Scott Page and Uma Jayakumar release today an early draft of their paper "Social Capital and Evidence of Exceptionalism".   Dr. Page tweeted today:

#Yale, #USC, #Stanford allowed explicit purchase of admission. The wealthy also implicitly purchase admission through greater opportunities to excel. High SES students may be 20 times more likely to exhibit the exceptional talent 

and linked to the unpublished paper (at right).  READ HERE

As Dr. Page points out in his tweet, the College Admissions scandal reported across the nation yesterday points to explicit and illegal means by which several very wealthy individuals were able to use their money to literally purchase admission to several Elite Universities (for their children) by paying for the services of criminal ringmaster William Singer.

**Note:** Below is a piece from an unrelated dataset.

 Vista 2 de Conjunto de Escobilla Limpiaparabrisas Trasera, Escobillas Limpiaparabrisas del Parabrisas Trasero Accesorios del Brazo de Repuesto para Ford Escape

Page and Jayakumar discuss in their paper how admissions criteria that advantage exceptional performers in extracurricular activities results in an implicit bias in favor of people from high socio-economic families and communities.

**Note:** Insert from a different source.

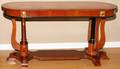 NEOCLASSICAL STYLE MAHOGANY CONSOLE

"We construct a model that demonstrates that the practice of elite colleges and universities admitting students based on exceptional performance or capabilities in athletics, music, art, debate, and science creates a strong bias in favor of children of high socioeconomic status (SES)."

 

Social Capital and Evidence of Exceptionalism

(DRAFT)

Uma Jayakumar∗ and Scott E Page†

March 13, 2019

∗University of California-Riverside †University of Michigan-Ann Arbor and The Santa Fe Institute. Orrie Bednar Page provided the initial data analysis in the third section. He is not responsible for any errors. We thank Cade Massey and Michael Joyner for their input on this paper.

 

Abstract: We construct a model that demonstrates that the practice of elite colleges and universities admitting students based on exceptional performance or capabilities in athletics, music, art, debate, and science creates a strong bias in favor of children of high socioeconomic status (SES). Our model describes three distinct effects: an opportunity effect: high SES students have the opportunity to try more activities; a specialization effect: those opportunities are biased toward elite activities -tennis, classical music, debate, etc ...that colleges desire, and a support effect: high SES students receive better coaching and training, enjoy more familial support, and also benefit from healthier diets and lifestyles. We make a crude estimate that the combination of these three effects imply that students from high socioeconomic status families and communities may be between five and twenty times more likely to exhibit the exceptional talents desired by elite colleges and universities than lower SES students. In the final section, we use data from sports participants to support that estimate.

READ THE FULL ARTICLE

"The model captures the fact that students who attend elite public and private schools can try their hand at an enormous number of sports and activities... ...In contrast, students at Romulus High School in Michigan choose from among only nine sports and fewer than twenty extracurricular activities."